How to price a handmade quilt – a near impossible task!
My grandma, for more than 30 years, created amazing and beautiful quilts. But for a few, she gave them all away. When asked (and she was often asked) why she didn’t sell her lovely quilts, her answer was always the same. She said she could never get a price equivalent to the amount of time and materials she put into a quilt.
If you have been following our blog, you know that this “Are quilts art?” debate just gets our hackles up and lately, we’ve seen some strange behavior. Two weeks ago, someone offered $250 for a $1,200 quilt. Last week, someone asked for a 50% reduction on an infant quilt. Today, someone offered $75 for a quilt. Is it possible folks just don’t understand what it really takes to make a quilt? Do buyers look at this art form as nothing more than a hobby for Granny? Or simply as low valued “women’s” art or worse, a “hobby?” We accepted the challenge and set out to quantify what it really takes to make and just how to price a handmade quilt.
First we have fabric. Depending upon the size of a quilt, 6 to 9 yards of fabric is required. Even if the artist is supplementing with scrap fabric, someone still had to (at some time) buy that fabric. A quilt also needs a sturdy batting, and, thread for sewing and quilting. A median price per yard for quilt grade fabric is $11.00. Thread is approximately $5 per spool and if the artist is hand quilting, 2 spools are required. Quilt bats range from $15.00 to $35.00 depending upon size and material. Let’s not forget the time and gas it takes to travel all over the county to gather up these supplies.
Next we have time. A quilter has to cut out and assemble the quilt top, then sew those many tiny pieces together to create the quilt’s top. If you’re like me (a very average quilter) this can take 10 to 12 hours. If you’re hand quilting, the entire quilt top must be marked (add 3 to 4 more hours). Then the quilt back, the batting and the quilt top must be assembled and secured (basted, pinned or mounted on a quilt rack). This takes a few more hours. So, before the quilting even starts, the artist invests 15 to 18 hours in preparation alone. Hand quilting, depending upon the size and intricacy of the patterns, can take up to 80 hours. Handing binding? Add another hour.
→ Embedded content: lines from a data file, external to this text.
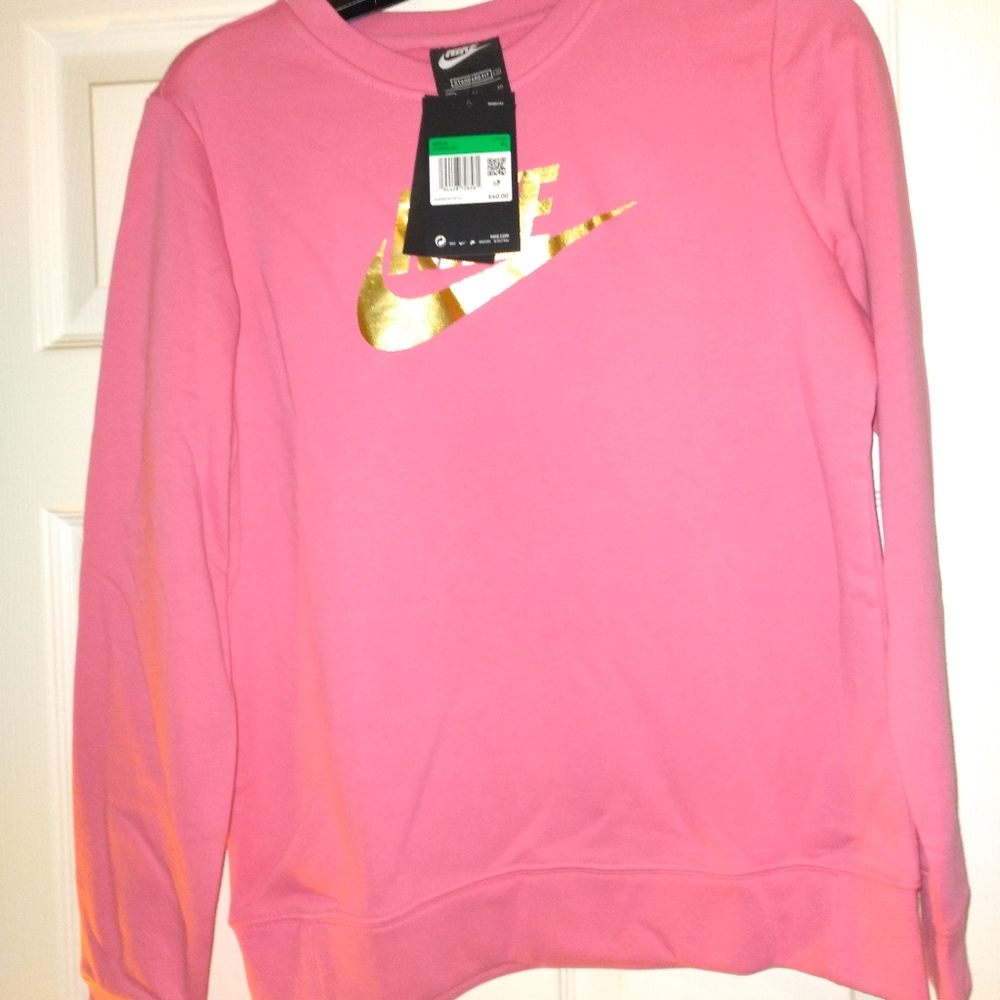 Girls Nike shirt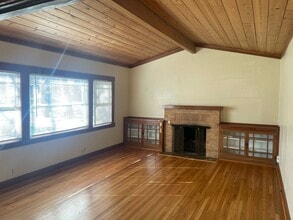 985 Willow Glen Way in San Jose, CA - Building Photo - Building Photo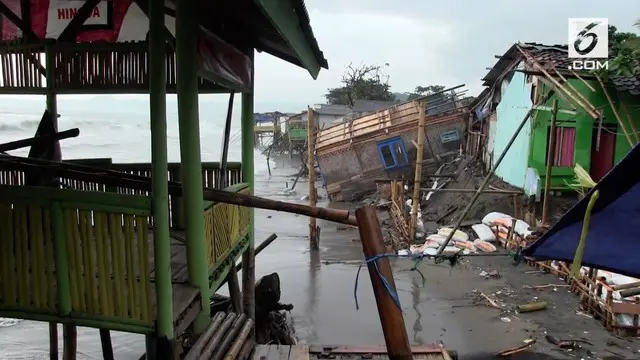 VIDEO: Usai Gerhana Bulan, Pelabuhan Ratu Dikikis Gelombang Pasang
We can’t forget equipment . . . . needles, thimbles, scissors, rulers, rotary cutters, tables, sewing machines, tape, marking pencils, pattern stencils . . . . . if the artist is a machine quilter, a long arm machine can cost upwards of $10,000.
Now that we’ve found ourselves to be in the business of quilts, we are often considering just how to price a handmade quilt? There is an enormous disparity between expected and actual pricing and we hope that this post raises a bit of awareness about the art of quilting – and the resulting prices of handmade quilts. Think of it this way: Not everyone can have a Matisse hanging in their living room but we all certainly can have a hand made, hand quilted, one of a kind quilt in our homes.